Le nain roux trop petit pour les champs de maïs

Fleuriste Manchot

Ou comment creuser sa propre tombe.

Il était une fois un nain, roux et trop petit pour les champs de maïs.
Comprenons-nous bien ; quand je dis ici « trop petit pour les champs de maïs », il s'agit en réalité de la morale de cette histoire.

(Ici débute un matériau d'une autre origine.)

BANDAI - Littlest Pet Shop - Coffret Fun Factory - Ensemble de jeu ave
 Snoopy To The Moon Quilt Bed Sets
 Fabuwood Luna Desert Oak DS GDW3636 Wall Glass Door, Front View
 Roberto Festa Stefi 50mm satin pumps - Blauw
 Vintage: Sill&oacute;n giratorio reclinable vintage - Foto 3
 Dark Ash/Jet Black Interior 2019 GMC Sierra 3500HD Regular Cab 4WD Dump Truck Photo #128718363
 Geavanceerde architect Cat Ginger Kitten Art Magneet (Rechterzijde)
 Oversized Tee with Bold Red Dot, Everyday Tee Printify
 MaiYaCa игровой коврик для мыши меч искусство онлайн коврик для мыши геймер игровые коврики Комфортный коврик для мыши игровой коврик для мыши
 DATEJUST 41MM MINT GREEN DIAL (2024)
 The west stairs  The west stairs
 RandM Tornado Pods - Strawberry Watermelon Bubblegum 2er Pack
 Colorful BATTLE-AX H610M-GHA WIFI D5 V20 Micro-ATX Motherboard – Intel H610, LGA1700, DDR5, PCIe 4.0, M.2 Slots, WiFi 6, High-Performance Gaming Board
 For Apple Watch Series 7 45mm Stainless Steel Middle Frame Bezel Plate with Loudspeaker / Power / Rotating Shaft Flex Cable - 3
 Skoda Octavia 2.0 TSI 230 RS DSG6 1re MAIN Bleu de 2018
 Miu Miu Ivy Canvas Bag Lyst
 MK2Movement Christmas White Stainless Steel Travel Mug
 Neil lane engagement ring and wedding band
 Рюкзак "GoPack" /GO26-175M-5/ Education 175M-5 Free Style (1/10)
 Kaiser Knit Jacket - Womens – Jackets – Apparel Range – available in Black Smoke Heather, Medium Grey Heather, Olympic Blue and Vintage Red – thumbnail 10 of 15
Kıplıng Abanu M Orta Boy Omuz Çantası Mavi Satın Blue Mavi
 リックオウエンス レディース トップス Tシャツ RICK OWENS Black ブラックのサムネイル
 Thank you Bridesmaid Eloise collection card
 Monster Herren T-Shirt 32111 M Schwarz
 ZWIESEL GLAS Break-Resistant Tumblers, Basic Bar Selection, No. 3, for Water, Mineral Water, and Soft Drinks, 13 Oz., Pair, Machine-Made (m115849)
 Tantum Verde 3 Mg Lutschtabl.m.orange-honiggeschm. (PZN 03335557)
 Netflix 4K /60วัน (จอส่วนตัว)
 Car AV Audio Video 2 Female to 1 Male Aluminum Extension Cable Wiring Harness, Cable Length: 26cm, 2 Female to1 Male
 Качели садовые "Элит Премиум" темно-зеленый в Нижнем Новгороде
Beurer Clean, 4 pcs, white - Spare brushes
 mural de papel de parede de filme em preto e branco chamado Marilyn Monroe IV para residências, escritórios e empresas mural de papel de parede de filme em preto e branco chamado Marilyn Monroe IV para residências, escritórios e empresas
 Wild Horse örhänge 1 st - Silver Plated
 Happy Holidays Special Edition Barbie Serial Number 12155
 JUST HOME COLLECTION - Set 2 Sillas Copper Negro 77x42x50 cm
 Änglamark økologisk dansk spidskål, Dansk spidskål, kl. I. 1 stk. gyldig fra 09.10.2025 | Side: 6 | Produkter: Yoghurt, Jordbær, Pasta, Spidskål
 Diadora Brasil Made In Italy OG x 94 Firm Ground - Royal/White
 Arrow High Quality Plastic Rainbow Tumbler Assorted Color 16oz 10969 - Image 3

En effet, alors qu'il se baladait au milieu de la plaine, tentant d'échapper aux zombies qui le poursuivaient, il commença à ramasser du bois. Bois qui, il le savait, serait nécessaire à sa survie sous peu. Sa récolte se passait agréablement quand il commença à entendre des bruits d'explosion provenant de diverses directions. Il se doutait qu'il ne s'agissait pas d'un phénomène qu'il pourrait tirer à son avantage, mais espérait tout de même qu'il avait affaire à une espèce pacifique d'expo-poulets, lesquels se développaient de façon exponentielle dans la région.
Bien entendu, il y avait également quelques arbres dont il tirait le précieux bois, il n'était donc pas au milieu d'une plaine désertique. Le souci avec ces arbres, c'est qu'ils abritaient potentiellement les fameux explo-poulets. Les bruits inquiétants s'arrêtèrent un moment, puis une seconde vague commença, plus proche. Inquiet, le nain roux commença à regarder autour de lui avec appréhension. Il prit de la distance avec l'arbre qu'il débitait pour vérifier qu'il n'abritait pas d'animaux potentiellement néfastes pour sa santé.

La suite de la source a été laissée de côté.